Her committee included Professor J. Stephen Downie (chair); Associate Professor Vetle Torvik; Assistant Professor Nigel Bosch; Xiao Hu, associate professor at The University of Hong Kong; and Andreas Ehmann, manager of research/data science at Pandora Inc.
Abstract: Music playlists, either user-generated or curated by music streaming services, often come with titles and descriptions. Although informative, these titles and descriptions make up a sparse and noisy semantic space that is challenging to be leveraged for tasks such as making music recommendations. This dissertation is dedicated to developing a better understanding of playlist titles and descriptions by leveraging track sequences in playlists. Specifically, work has been done to capture latent patterns in tracks by an embedding approach, and the latent patterns are found to be well aligned with the organizing principles of mix tapes identified more than a decade ago.
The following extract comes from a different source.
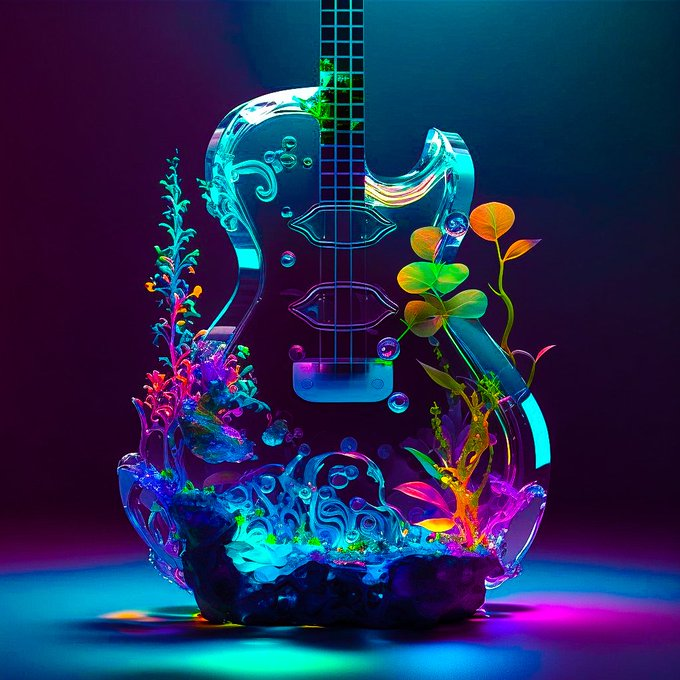 s0meone_u_know's tweet photo. 🎨 ARTSHARE 🖼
Effectiveness of the latent patterns is evaluated by the task of generating descriptive keywords/tags for playlists given tracks, indicating that the latent patterns learned from tracks in playlists are able to provide a good understanding of playlist titles and descriptions. The identified latent patterns are further leveraged to improve model performance on the task of predicting missing tracks given playlist titles and descriptions. Experimental results show that the proposed models yield improvements to the task, especially when playlist descriptions are provided as model input in addition to titles. Main contributions of this work include (1) providing a better solution to dealing with "cold-start'' playlists in music recommender systems, and (2) proposing an effective approach to automatically generating descriptive keywords/tags for playlists using track sequences.